▶ Extracted entries
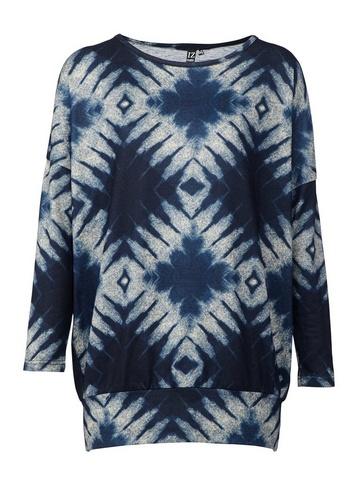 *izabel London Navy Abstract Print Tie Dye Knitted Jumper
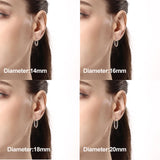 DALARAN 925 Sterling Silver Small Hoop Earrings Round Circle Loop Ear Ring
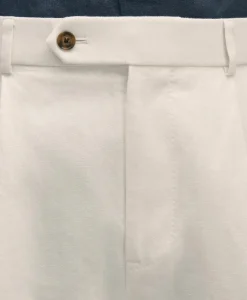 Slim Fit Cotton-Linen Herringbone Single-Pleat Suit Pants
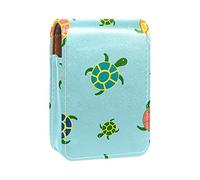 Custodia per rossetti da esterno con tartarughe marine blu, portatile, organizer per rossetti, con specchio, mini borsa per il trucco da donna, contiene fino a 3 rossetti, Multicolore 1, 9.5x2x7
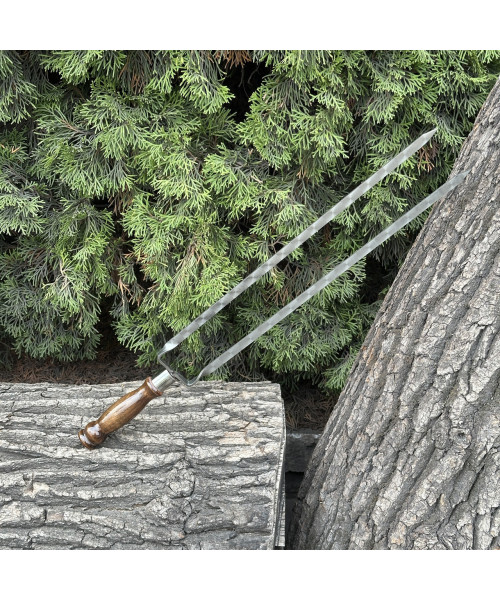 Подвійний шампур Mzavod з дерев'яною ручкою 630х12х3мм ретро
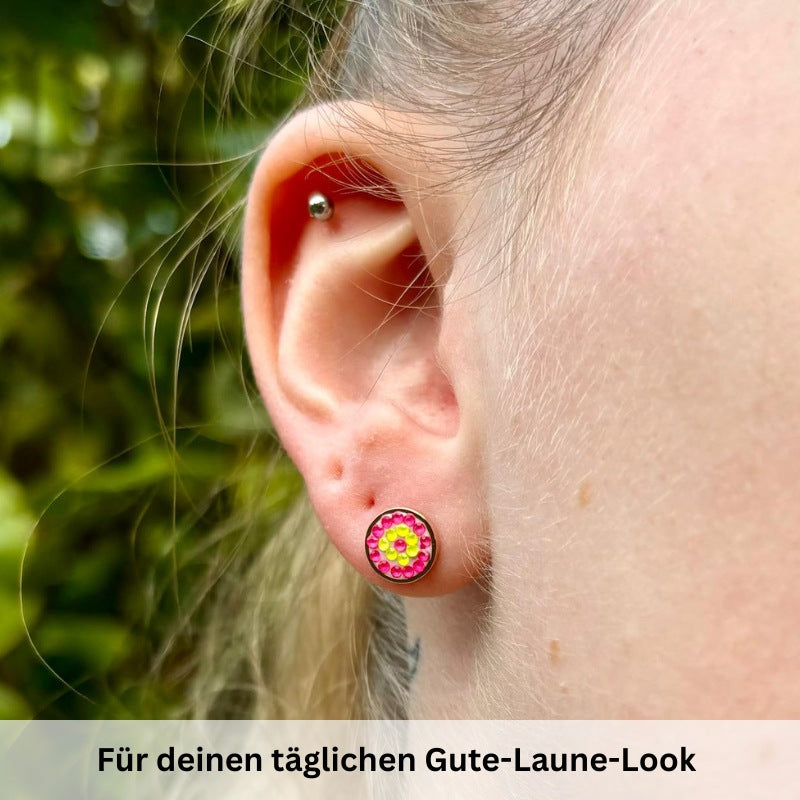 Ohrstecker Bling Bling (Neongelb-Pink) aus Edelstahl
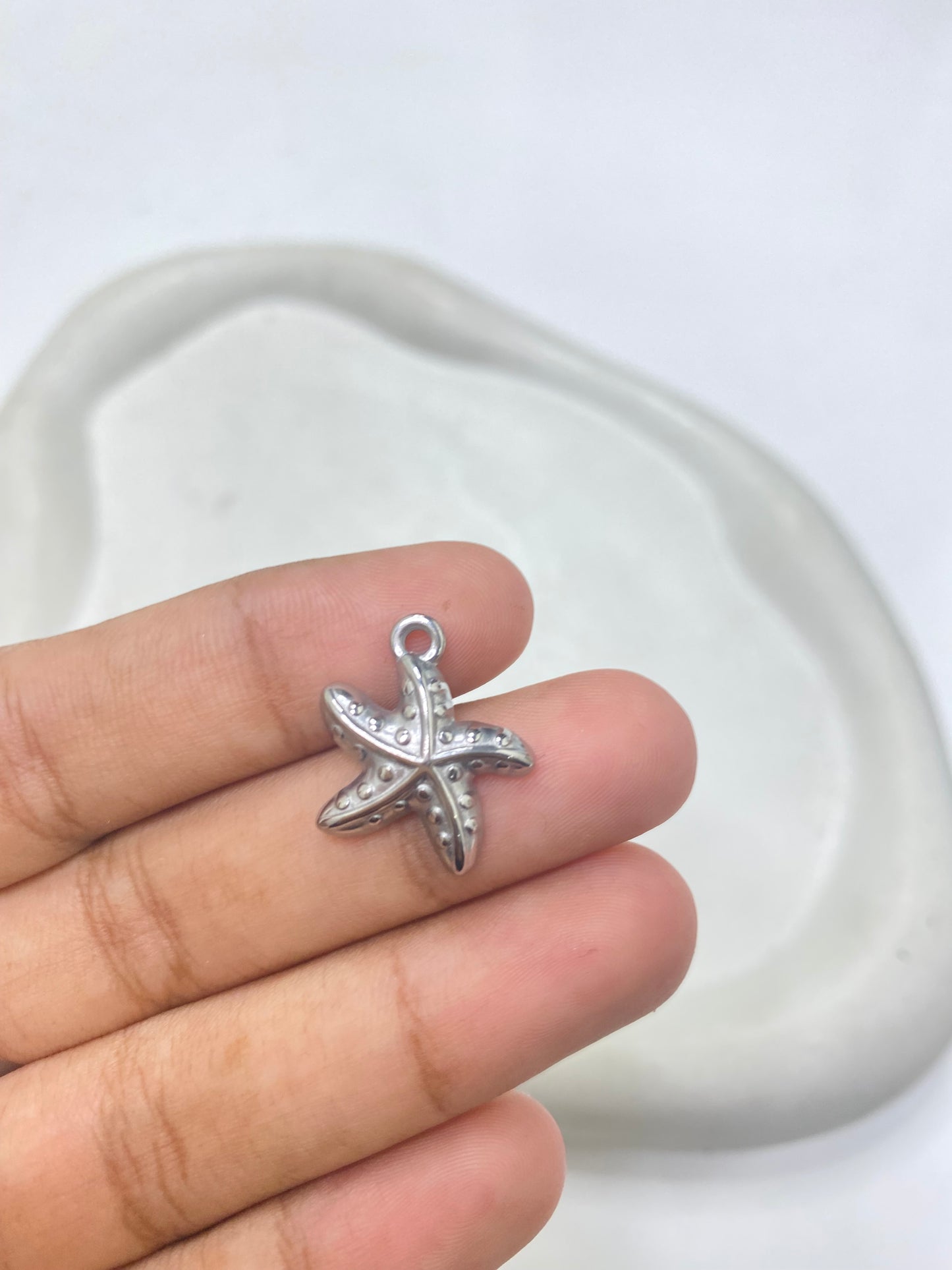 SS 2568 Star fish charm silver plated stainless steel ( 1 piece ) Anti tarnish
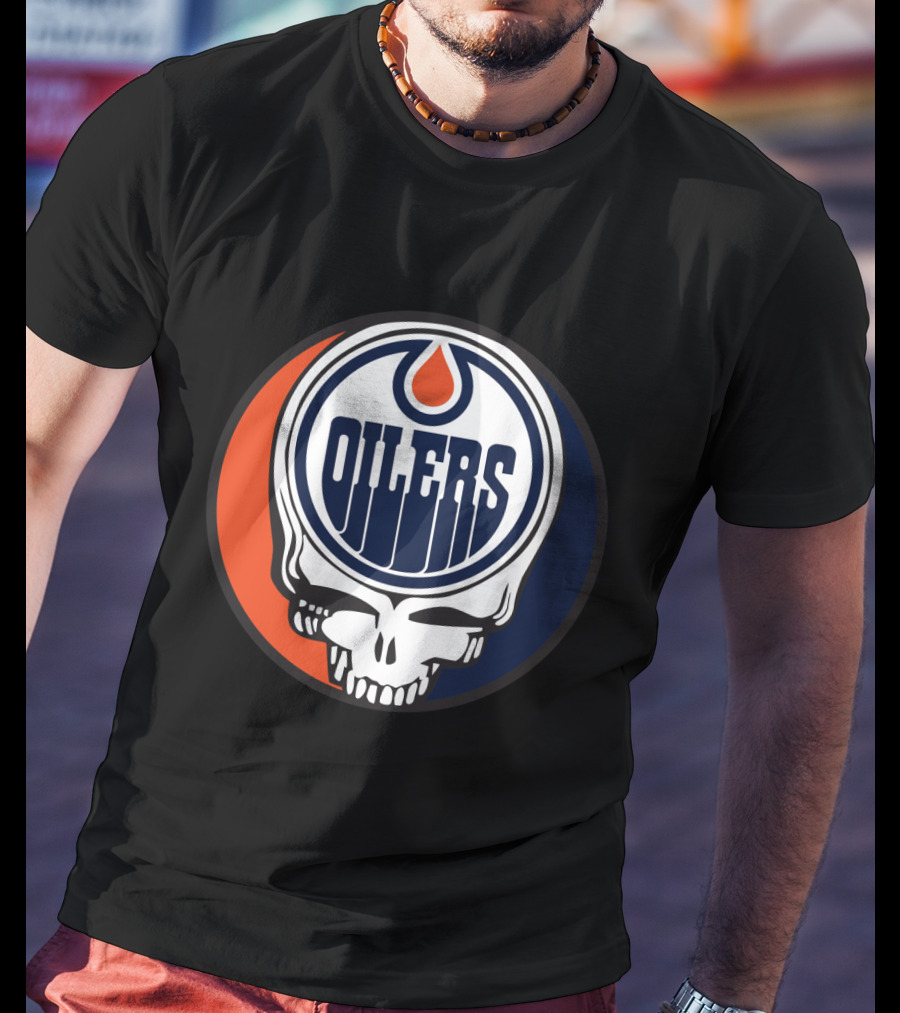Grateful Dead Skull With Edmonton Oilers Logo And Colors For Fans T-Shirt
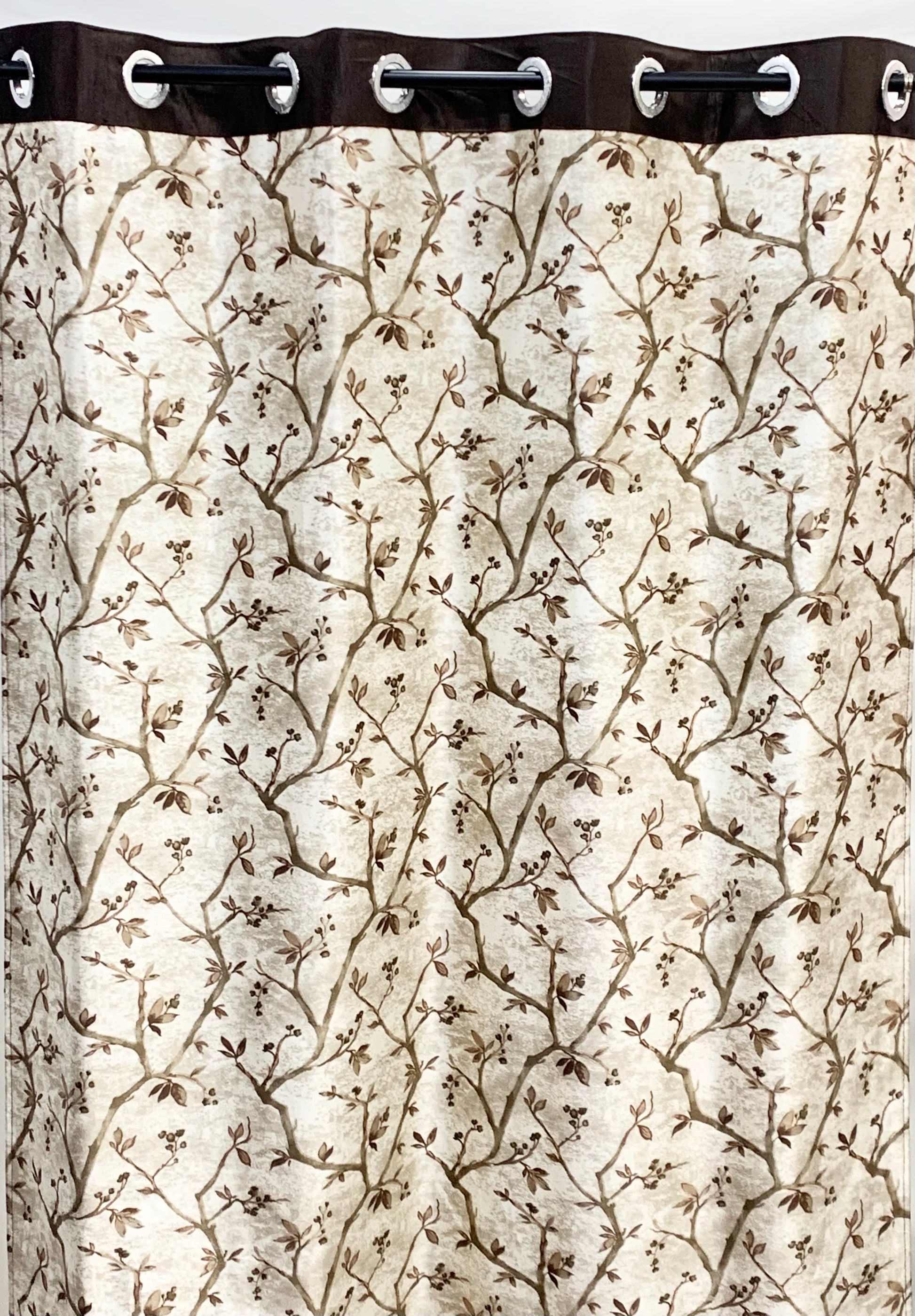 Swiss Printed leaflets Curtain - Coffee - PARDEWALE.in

▶ Problem to solve
Leave out every picture, and copy exactly the lines above starting at the one holding "Ohrstecker Bling Bling" and ending at the one holding "Grateful Dead Skull", no more and no less.

▶ Solution
 Ohrstecker Bling Bling (Neongelb-Pink) aus Edelstahl
 SS 2568 Star fish charm silver plated stainless steel ( 1 piece ) Anti tarnish
Grateful Dead Skull With Edmonton Oilers Logo And Colors For Fans T-Shirt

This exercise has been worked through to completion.